The attorney should show you the Substitution of Attorney, or you could check the court file to see if it has been filed. If he is not the official attorney, you should continue to deal directly with the other party. However, if that party then tells you he wants you to deal with the attorney on the discovery issue, I would respond to that attorney. In any event, if you did not produce discovery, the fact that the wrong person might be demanding that you produce the discovery does not, at the end of the day, relieve you of your responsibility to respond to discovery. Hope that answers your question.
THIS RESPONSE IS NOT LEGAL ADVICE. IT HAS BEEN PROVIDED FOR EDUCATION AND INFORMATION ONLY. Mr. Mann is licensed to practice in the State of California. There is no implied or actual attorney-client relationship arising from this educational exchange. Moreover, the facts provided by you were not sufficient to allow Mr. Mann to advise you specifically regarding what you should or should not do. You should speak with an attorney licensed in your state, to whom you have provided all the facts before you take steps that may impact your legal rights. Mr. Mann is under no obligation to answer subsequent emails or phone calls related to this matter, or to take any action whatsoever.
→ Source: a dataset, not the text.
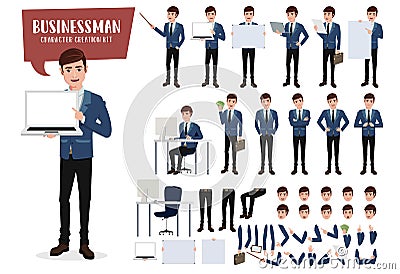 Businessman character creation kit vector set. Business man characters for office sales presentation editable create. Vector Illustration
Yes, a Substitution of Attorney must be served on all parties. So, if you have received a letter from an individual claiming to be the attorney of the opposing party, but you never received any kind of notice that said party was being represented by counsel now, then you would ask this attorney for a copy of the Substitution of Attorney that was filed with the court (pursuant to CCP Sections 284(1) and 285).
This attorney is licensed to practice law in the State of California. The laws of your jurisdiction may differ and thus this answer is for informational and educational purposes only and is not to be considered as legal advice. Since all facts are not addressed in the question, this answer could change depending on other significant and important facts. This answer in no way constitutes an attorney-client relationship.